Adam Mickiewicz University, Poznań


The ubiquity of metaphor is a common claim in cognitive linguistics. It has always been my concern if there is any empirical way in which this claim could be verified. Of course 'ubiquity" is not a term that could easily be translated into numbers, but I thought if this claim is to find any measurable evidence it is corpora where we should look for the answer. Hence I set off to systematically investigate two verb phrases: to FIGHT war and to DECLARE war, and two nouns: BATTLEFIELD and BATTLEGROUND from the domain of 'war', which is often viewed as a very productive source of metaphors.

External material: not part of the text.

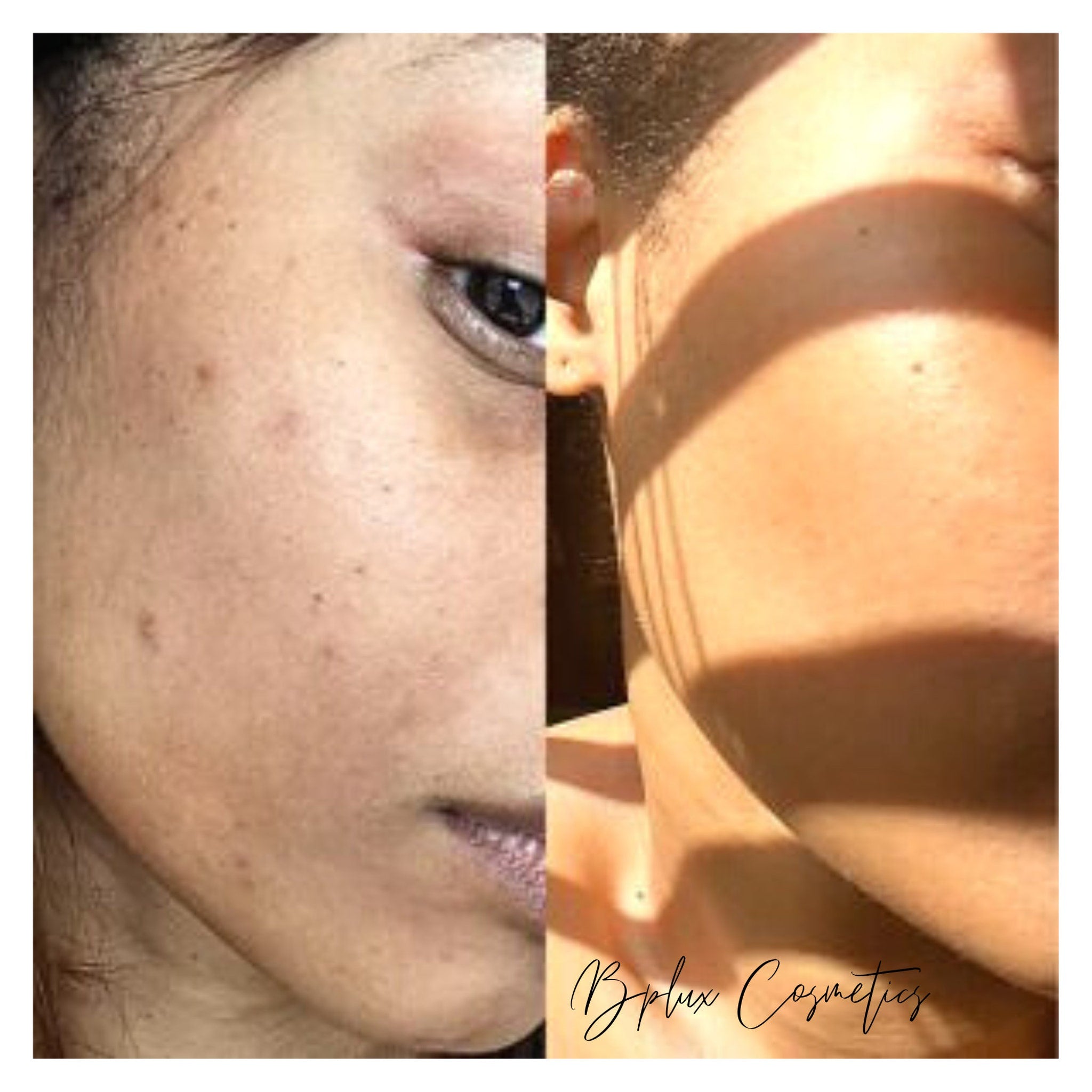 Skincare before and after comparison, showing skin tone, texture, and Bplux Cosmetics branding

The data for the analysis comes from the British National Corpus, which is a 100 million word collection of samples of written and spoken language from a wide range of sources, designed to represent a wide cross-section of current British English, both spoken and written. Frequencies of figurative and non-figurative occurrences of the VPs and N in question are compared and tentative suggestions about 'metaphor ubiquity' are proposed. Ranking of collocates are also investigated in an attempt to further corroborate the frequency results. They also serve as a basis to construct semantic frames or meaning elements for the lexical items in question. The presentation is an exercise in corpus driven metaphor research.